I can remember how excited I was the afternoon he called. I still couldn’t believe that it would get published. Something will happen, I kept telling myself. I also did a drawing for the cover and some other drawings—of Freud and Joyce—for the introduction. I put Freud in because I adopted a technique of his from his book on dreams. In one place he recounts a dream and then takes every part of the dream and analyzes it. I did the same with my book, and so my first chapter was “Bloom’s Morning.” It reads as follows:
Mr. Leopold Bloom was awakened by the buzzer in his digital clock radio. He was lying on a king-sized bed in the master bedroom of his house. He lay beneath a designer sheet and a comforter, which he tossed aside, and slid out of bed. He was wearing a pair of pajamas. The broadloom carpet in the bedroom felt soft and comfortable. He put on his slippers and went to the closet where he took out his jogging outfit and got into it. He went for a jog around the neighborhood, returned, got undressed, put on a bathrobe, and ambled over to the bathroom. He took a long, hot, invigorating shower. He loved the smell of the new bath soap he had purchased recently. He shampooed his hair. Then he put on his bathrobe again and dried his hair with an electric hairdryer. Next he brushed his teeth using an electric toothbrush, took a shave, and put on his underwear. Then he put on his stockings, a suit, and his shoes, selecting a tie to wear, and went to the kitchen.
There wasn’t much in the refrigerator, so he slipped out of the house and strolled to the local supermarket, where he picked up a few items, and returned home. The morning newspaper had arrived. He made himself a big breakfast: orange juice, cereal, bacon and eggs, coffee, and toast.
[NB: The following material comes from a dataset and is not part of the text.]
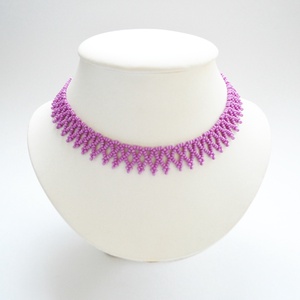 Kislánynak való méretű lilás rózsaszín / magenta kistászli - telt színű kásagyöngyből, Ékszer, Nyaklánc, Gyöngyös nyaklánc, Ékszerkészítés, Gyöngyfűzés, gyöngyhímzés, MESKA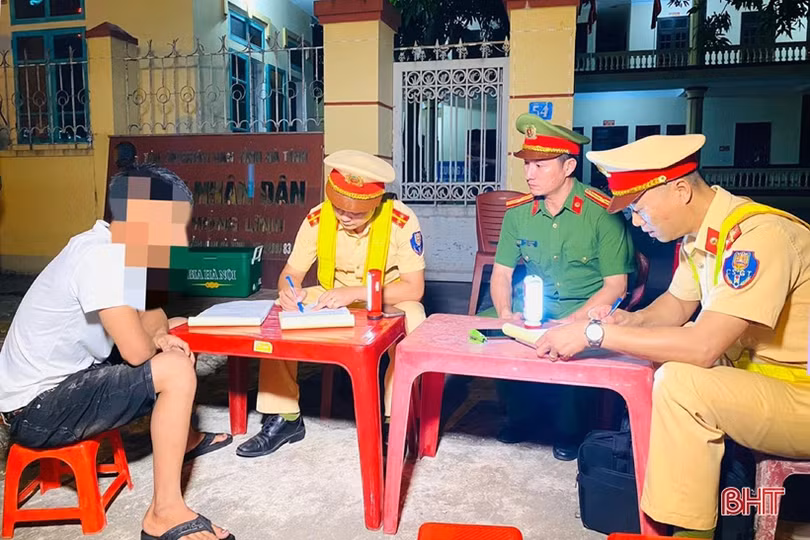 Xử lý nạn “xe dù, bến cóc” tại đô thị phía Bắc Hà Tĩnh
He put his garbage in the waste disposal, his dirty dishes in the dishwasher, and an empty cereal carton in the trash compactor and hear the pleasant sound of the morning mail being slipped through the front door.
That was Bloom’s morning.
In my book I analyze the various objects mentioned and rituals engaged in by Bloom.
I had written the book assuming it would be sold as a scholarly book that might be adopted in courses on American culture or the sociology of everyday life in universities. Instead, for some reason, it was marketed as a trade book. That meant that three months after Bloom’s Morning was published, it died. It was remaindered and that seemed to be the end of the story.
Not quite. It turns out that IUniverse.com has a program of reprinting books that are out of print, so now Bloom’s Morning is available, on a print-on-demand basis, from IUniverse.com. I don’t know whether it is correct to say that my Leopold Bloom still lives; perhaps it is more accurate to say that he exists in a kind of limbo, in a state of radical potentiality, waiting to be brought back to life by anyone who might find his story worth examining and who has fifteen dollars.
Publisher’s Weekly’s review of the book concluded as follows:
Using toasters and supermarkets as springboards, Berger mounts a devastating critique of the increasingly impersonal, dehumanized quality of our lives.
Some reviewers considered the book far-fetched and silly while others loved it. My thought is that if I’ve mounted a devastating critique of American consumer culture and alienation with Bloom, he did not live in vain. And Bloom lives on elsewhere, too—my book has been translated into German and, of all things, into Chinese.
Clerihews
In my younger days I wrote a lot of comic verse. I also developed a unique version of the clerihew that was based on the names of famous people. Here are some of my clerihews.
Aga
Khan,
but Immanuel
Kant.
Dame May
was Witty
But John Greanleaf
was Whittier.
Oscar
was Wilde
but Thornton
was Wilder.
Clare Booth
was Luce
but Martin
was Luther.
They are silly little efforts, but mildly amusing, I believe...perhaps because they are so economical.
Computers and My Career as a Writer
The computer really changed my life—and, no doubt, the lives of most other writers. For what word processing did was make it possible for me to write something and then, without having to retype it, save it and revise it as many times as I felt necessary. I was liberated from Wite-Out and the typewriter. In addition, e-mail makes it possible for me to communicate with editors all over the world and send them material that arrives in little more than an instant.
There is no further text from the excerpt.